[Data for review — start]

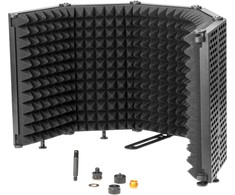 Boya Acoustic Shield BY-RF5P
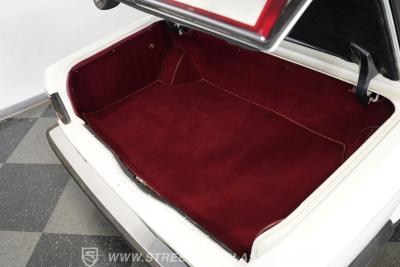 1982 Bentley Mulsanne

[Data for review — finish]
[Data for review — start]

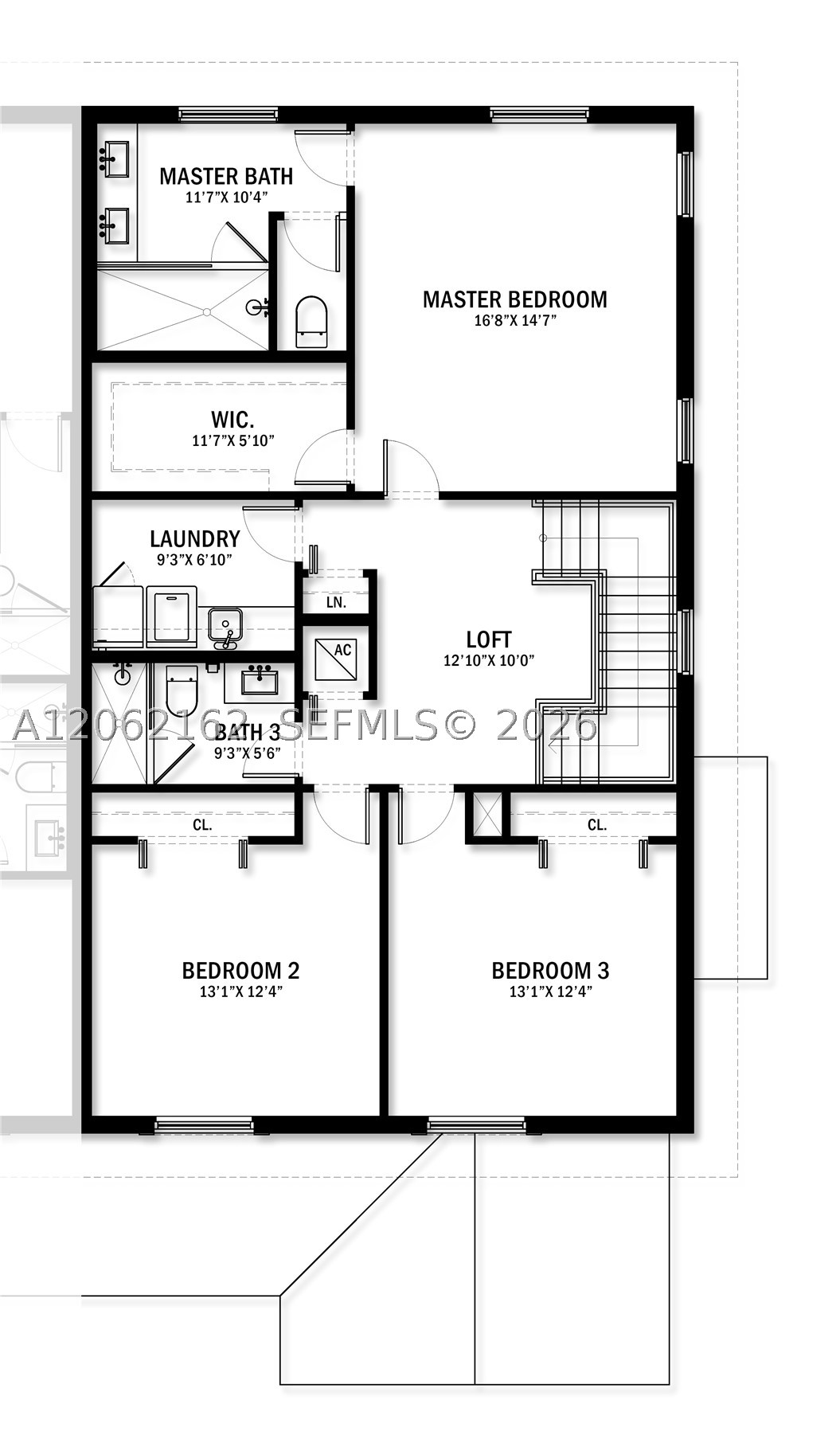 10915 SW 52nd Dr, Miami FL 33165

[Data for review — finish]
[Data for review — start]

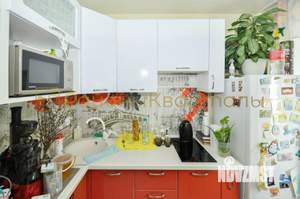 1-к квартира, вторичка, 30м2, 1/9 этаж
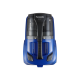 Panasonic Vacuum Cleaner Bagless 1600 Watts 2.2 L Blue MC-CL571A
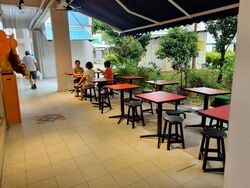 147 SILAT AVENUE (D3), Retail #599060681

[Data for review — finish]

[Problem to work on]
Reproduce the data above exactly, but only the lines from the one showing "1-к квартира, вторичка, 30м2, 1/9 этаж" through the one showing "147 SILAT AVENUE (D3), Retail #599060681", with both ends kept and the pictures left out.

[Problem solution]
 1-к квартира, вторичка, 30м2, 1/9 этаж
 Panasonic Vacuum Cleaner Bagless 1600 Watts 2.2 L Blue MC-CL571A
 147 SILAT AVENUE (D3), Retail #599060681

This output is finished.